S’annuler pour toujours
Il y a une conviction qui habite les femmes en manque d’amour; celle que nous les aimerons un jour pour ce qu’elles sont – ce qu’elles ont l’air – sans n’avoir rien d’autre à dire.
La quête la plus fréquente est celle qui ne coûte rien, même l‘amour ne fait qu‘au pire, se dire, mais surtout se montrer. Il se montre comme s’il était dû aux autres, mais pas de l’un à l’autre. Vivre dans un lieu propre devient une contrainte, une tâche dont la femme qui en fut longtemps assignée se dégage, comme si le rangement ne concernait plus personne finalement, comme si ce dû avait été mal reçu.
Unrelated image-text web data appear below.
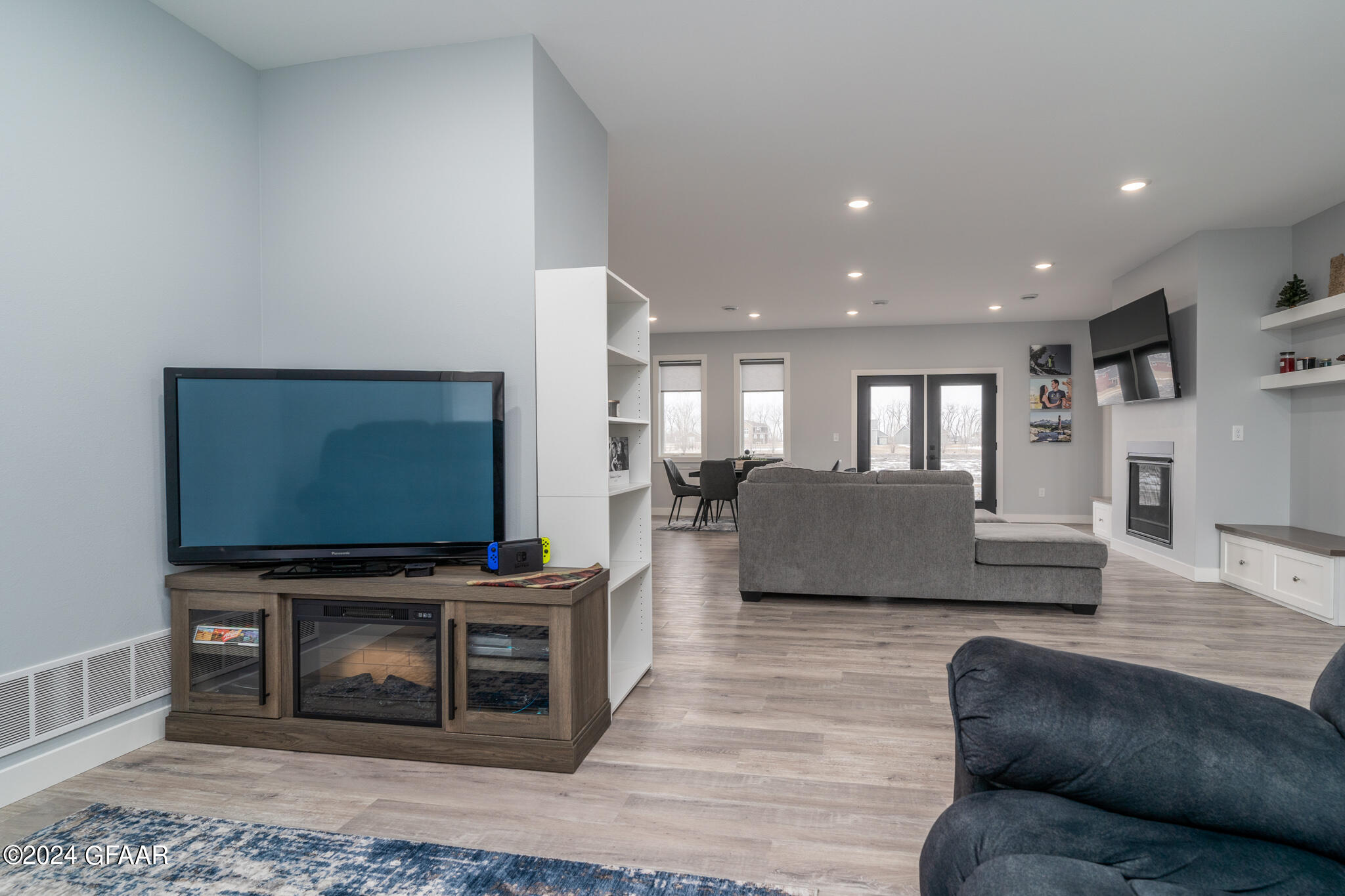 3676 DONNA Drive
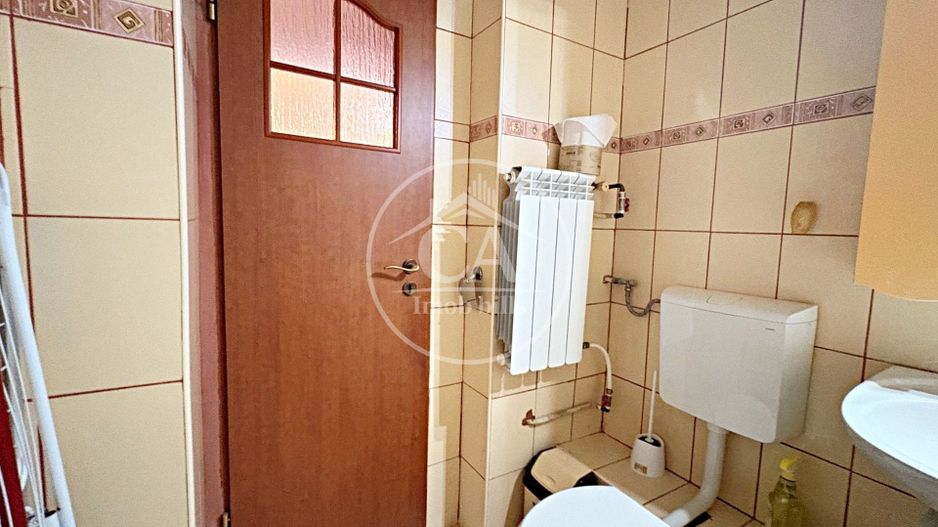 Apartament cu 3 camere de închiriat în zona Rogerius, Oradea - Poză 13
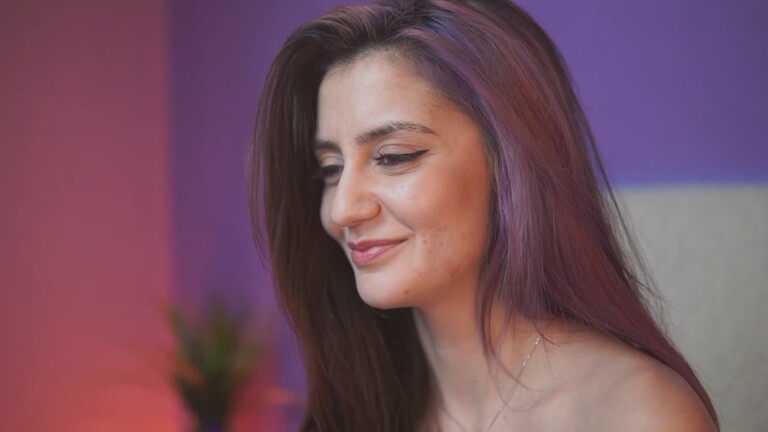 SabrinaHope's Streamate show and profile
L’homme aurait il échoué à aimer ? Ne sachant voir où est l’amour ? Ou est-ce elle qui n’eut su comment aimer ? De ce fait ses revendications ne seraient qu’une autre tentative d’être reçue et entendue, sans aucun sens à y retenir.
Nous devons quelque chose à celui ou celle que l’on aime et c’est de l’ordre de savoir aimer qu‘appartient d'en épargner à l’autre la culpabilité. Parfois, c’est un sacrifice, comme ces nombreuses femmes vouées à l’attente, face à un homme indisposé à satisfaire et exigeant d’être un objet de contrainte pour la femme, ce qui est réellement la quête de certains hommes: être imposant coûte que coûte, mais je ne crois pas qu’ils soient ainsi faits, je crois qu’il aurait fallu qu’une femme donne plus qu’elle n’ose attendre et se laisser faire.
Donner — non comme l’homme pense que cela se fasse — mais donner dans l’acte de soutenir le rien; non plus comme la femme attend souvent que quelque chose sorte et se dise, car l’homme n’a rien à dire, mais cela, elle l’ignore. Qu’elle agisse, c‘est de ça qu’il aurait eu besoin, qu’elle agisse sans attendre un rebond, mais en restant de marbre face à son inaptitude, pour qu’enfin : il soit aimé.
La femme, sinon — disais-je — se laisse faire, elle s’avoue sans le dire non plus, qu’elle ne supporterait pas un lieu où elle ne puisse plus en espérer un autre; elle attend, longuement, dans un plaisir qui l’a dépasse, qui lui permet d’être sans avoir à tenir de discours signifiant, mieux encore, en laissant à l’homme le devoir d’en comprendre quelque chose. Elle tient d’avantage à savoir comment elle est aimée qu’à être aimée, mais si elle veut savoir, ce n’est jamais entièrement; c’est l’implication d’un homme qu’elle retient, en entassant tout un lot d’hypothèses qu’elle ressert toute sa vie dans des cases qu’elle croit correspondre.
L’homme, dans une maitrise qui d’abord l’anesthésie, est d’une part incapable de lui répondre mais c’est qu’il croit bien faire « elle reste, donc elle m’aime », cela l’empêche de penser autrement, de penser à faire; il pense à comment empêcher que ça se fasse, pour ne pas qu’elle se retire. Il maintient imaginable, le rêve féminin, de ne faire qu’un.
C’est que même émancipée, la femme espère toujours après l’homme, c’est la qu’elle tient un discours non signifiant (au sens psychanalytique) mais provoquant : elle attend la réponse de l’autre, principalement la faille dans la réponse de l’autre, une faille qui lui fasse place. Elle pense aimer en bouchant l’amour, même avant, qu’il ne se dise.
Après tant de temps passé à raconter l’amour eut-elle été capable de le faire ? À t-on le droit d’imaginer que sans soutien, l’homme nous ait échappé ? Que la femme souvent prise comme façon d‘assurer sa puissance ait finalement raison de penser qu’elle est toute, toute représentante de la faille de l’homme qui voit avec les yeux d’une femme — il n’ose pas voir — mais voudrait qu’elle cesse de réclamer, ce qui finalement, est à elle.